Hoje, Nizan cuida da saúde mental de seus funcionários na N Ideias, rejeitando o trabalho aos fins de semana. Ele reconhece a epidemia global de saúde mental, citando Winston Churchill e Santa Terezinha, que enfrentaram depressão. “Ninguém fala de problemas na sociedade do sucesso. No Instagram, todos somos felizes como propaganda de margarina”, critica.
N Ideias: Estratégia em um Mundo Ágil
Após vender o grupo ABC em 2015 por 1 bilhão de reais, Nizan fundou a N Ideias, uma empresa enxuta com 10 colaboradores e foco em estratégia.
“O valor está na arquitetura, não na engenharia”, diz.
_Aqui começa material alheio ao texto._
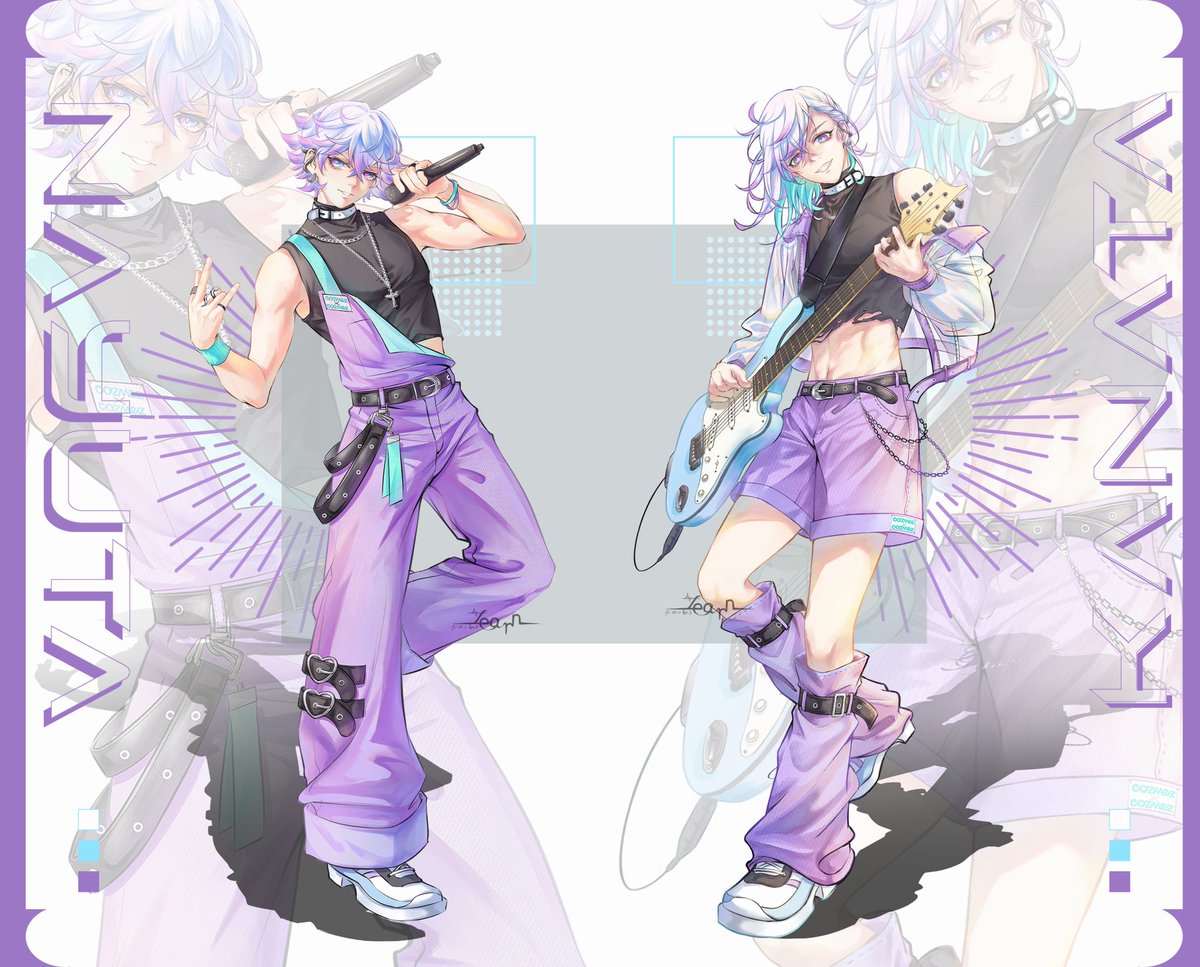 #cozmez
#パラライ
#ParadoxLive 
给双子画了新衣服！🤤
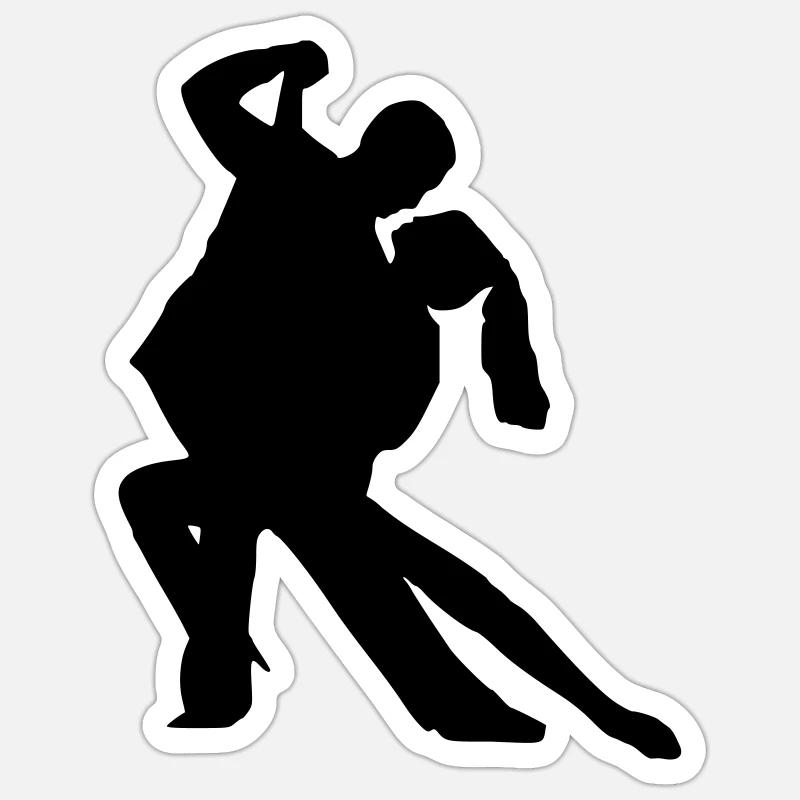 Tanzen - Sticker Größe S (10 x 10 cm) - Mattweiß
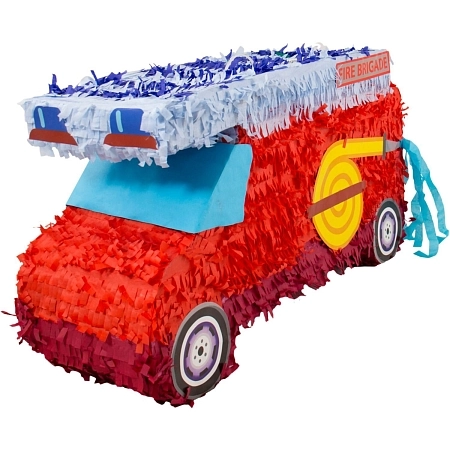 Hasičská sada s přilbou na blistru - 5 ks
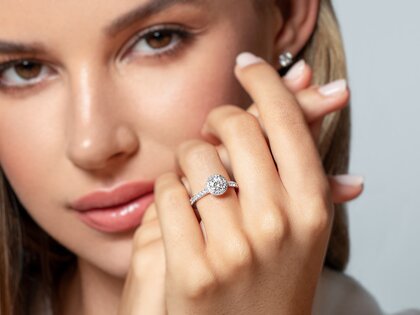 Verlovingsring Pure Infinity in 18K geelgoud met diamanten 0,90ct G/SI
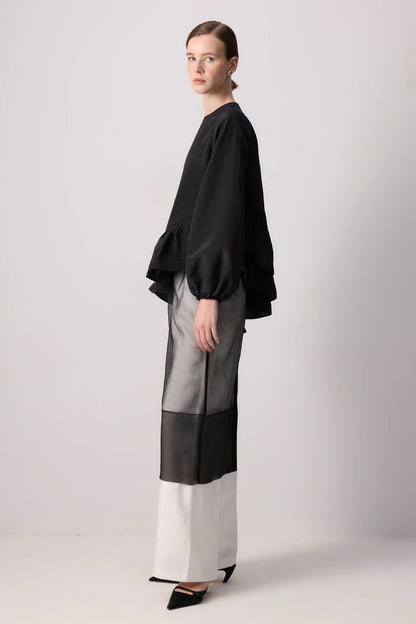 Organza Overlay Skirt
Diferentemente das agências tradicionais, com custos altos e margens apertadas, a N Ideias trabalha em rede, oferecendo desde silêncio estratégico até embalagens e conteúdo.
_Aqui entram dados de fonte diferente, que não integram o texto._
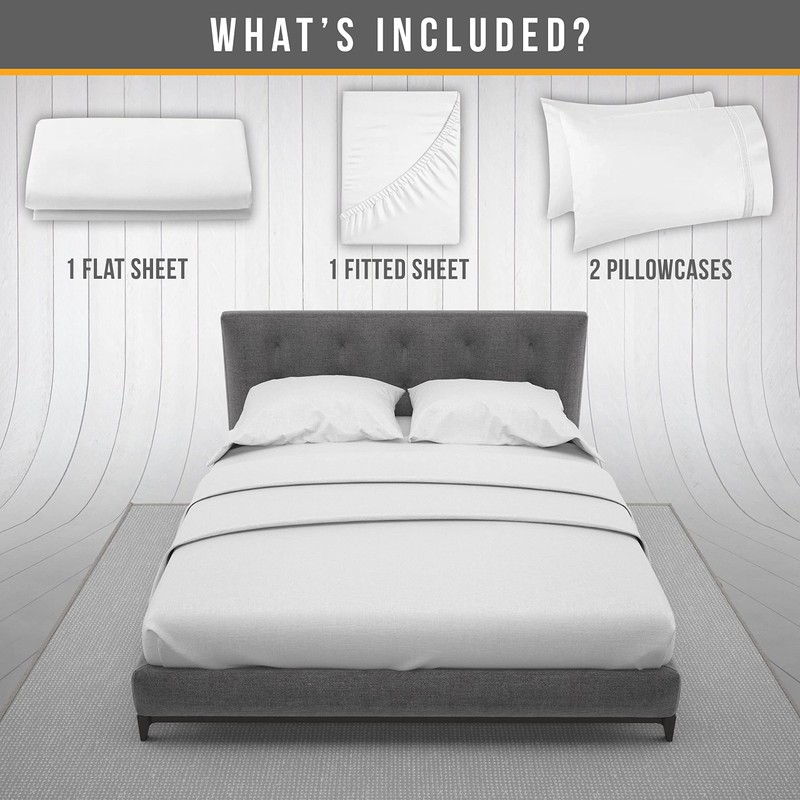 Abeero Home King Size Sheets Set Cooling - Luxury Hotel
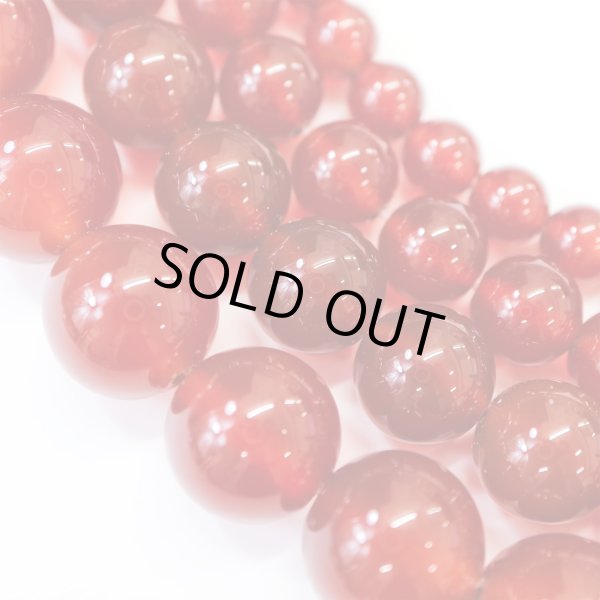 画像7: 【天然石】レッドアゲート（赤メノウ） ブレスレット用 ビーズ 一連 8mm【約47粒入り】瑪瑙 手芸 ハンドメイド アクセサリー パーツ きらきらぷんぷん丸 NS-055 (7)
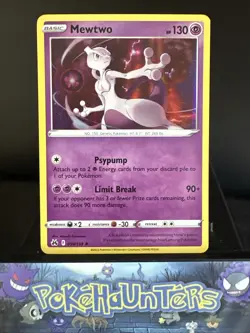 Pokemon Card Mewtwo 059/159 Crown Zenith Holo Rare Near Mint - Image 1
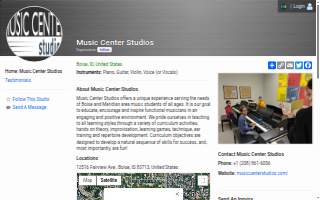 Music Center Studios website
Com apenas oito clientes, incluindo “o Brasil”, Nizan se dedica profundamente, rejeitando projetos que não o inspiram, como a Associação Brasileira de Usinas Nucleares.
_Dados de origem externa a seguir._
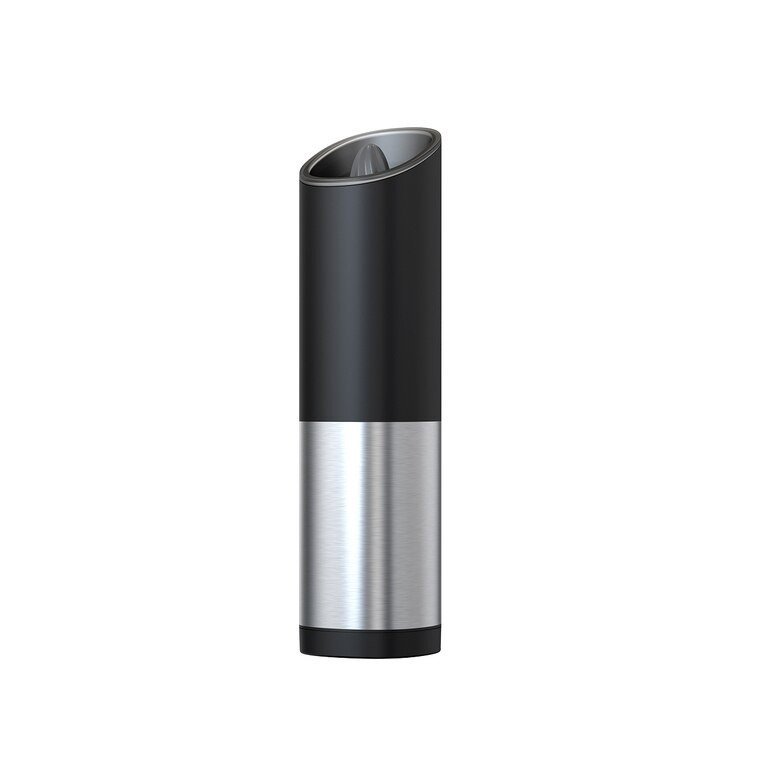 Moedor Elétrico de Sal Pimenta Temperos Triturador Pilhas Aço Inox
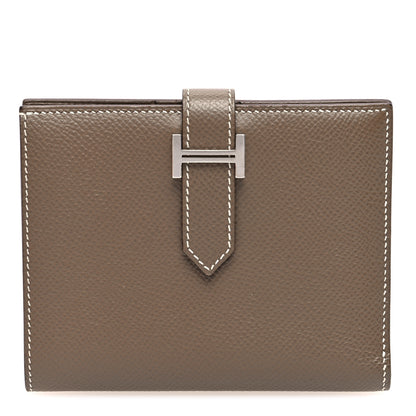 Hermes Epsom Bearn Compact Wallet Etoupe 1 of 8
Ele critica a falta de estratégia na publicidade atual. “Falta tempo e estrutura de custos para os talentos se dedicarem. Quem tem custo, tem medo”, afirma. Sua formação em administração e estudos contínuos, como o OPM de Harvard, reforçam seu diferencial como estrategista.
O propósito da N Ideias é “cuidar do bom e do bem”, refletindo seu compromisso com causas sociais, como a Unesco e a comunicação de projetos como Onçafari e Leite das Ervas.
Nizan vê o futuro da publicidade como híbrido, unindo o físico e o digital. Ele critica a saída de marcas tradicionais da TV, destacando que grandes anunciantes digitais, como a Globo, investem em televisão. “Pensar fora da caixa é pensar dentro da caixa. O rádio, como a Jovem Pan, é um fenômeno”, diz.
Lições para Empreendedores
Nizan recomenda estudar o passado para entender o futuro. Livros como Aristotle’s Way, biografias de Benjamin Franklin e Leonardo da Vinci, e Organizações Exponenciais são leituras essenciais.
Sua maior lição é a resiliência. “Comecei com menos que zero, mas quando cheguei ao zero, estava animado”, lembra. Para ele, o sucesso não é chegar ao topo, mas inventar novos topos, vivendo com propósito, estratégia e leveza.
Nota: Este artigo baseia-se em várias entrevistas de Nizan Guanaes ao longo dos anos, complementada por reflexões de sua trajetória.